The Quality of Darkness
Tamas ('darkness,' 'inertia') is the third of the three guṇas. It is the quality of heaviness, opacity, inertia, confusion, and delusion. When tamas predominates, a person experiences ignorance, torpor, carelessness, excessive sleep, inability to discriminate between the real and unreal, and deep attachment to comfort and routine.
Effects of Tamas
Tamasic food (stale, overprocessed, or intoxicating food) increases tamas. Tamasic associations (with the spiritually careless) deepen it. Tamasic activity is characterized by laziness, procrastination, and avoidance of both action and inquiry. The Bhagavad Gītā (14.13) notes that when tamas is dominant, even the light of knowledge is obscured and one lives in delusion (moha), heedlessness (pramāda), and confusion (mūḍhatā).
Tamas and Avidyā
In Vishishtadvaita, tamas at the cosmological level is the state of Prakṛti in its undifferentiated (avyakta) form before creation — a kind of primordial opacity. At the individual level, tamas corresponds to deep avidyā — the fundamental ignorance about the self's nature and about Brahman.

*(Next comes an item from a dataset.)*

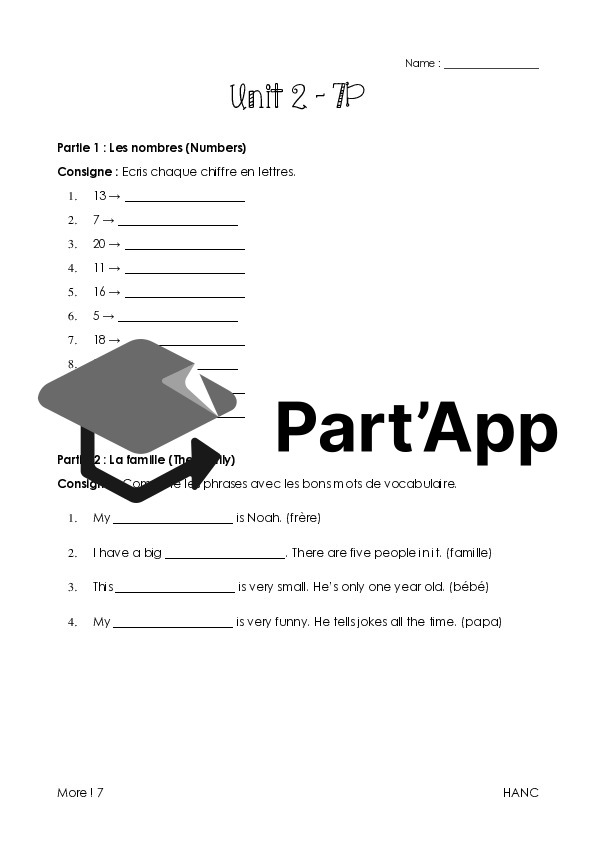 ANG - Unit 2 7P Vocabulaire_2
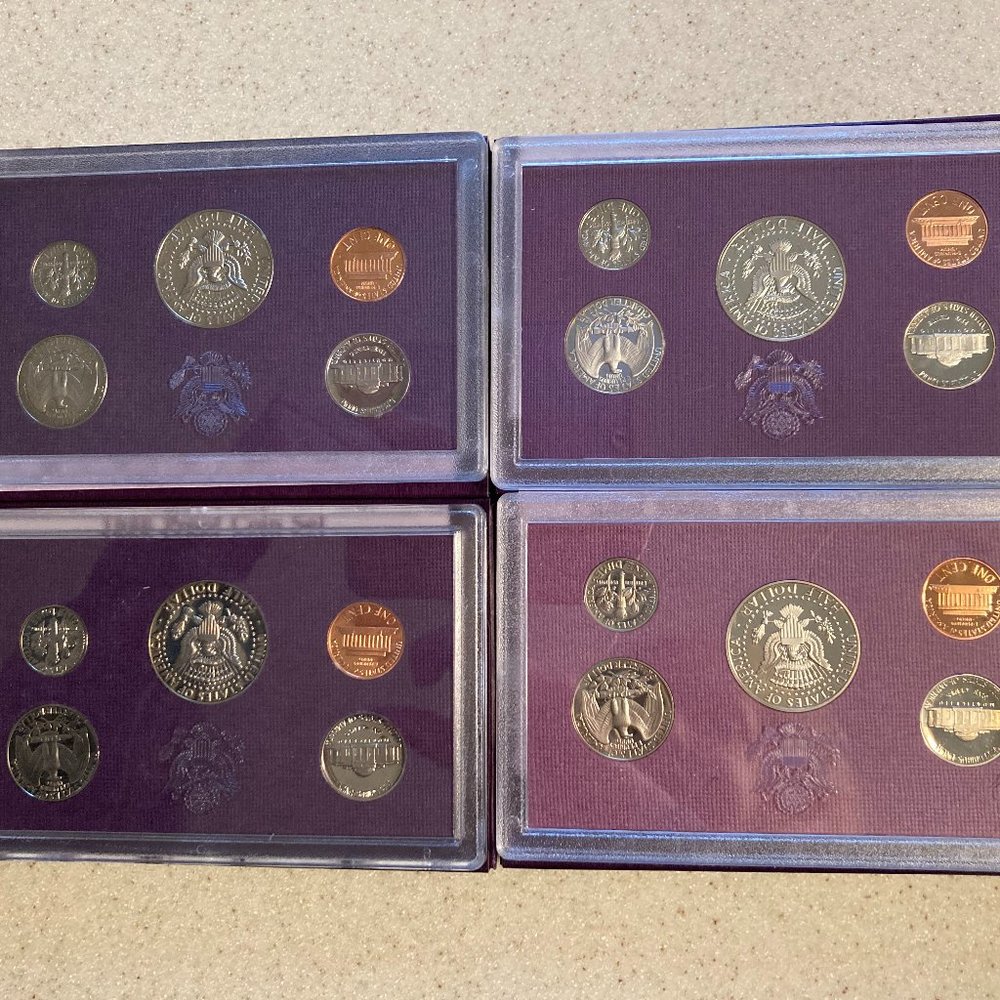 U.S. Mint Proof Sets 1980 Thru 1989  Lot of 10 - Picture 11 of 12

Reducing tamas is thus inseparable from the process of knowledge and devotion.
Overcoming Tamas
The remedy for tamas is a combination of sattva-increasing practices — company of devotees (satsaṅga), study of śāstra, regular worship (tiruvaradhana), and Divya Prabandham recitation — and rajas-transforming practices that introduce activity and inquiry where there was passivity and ignorance.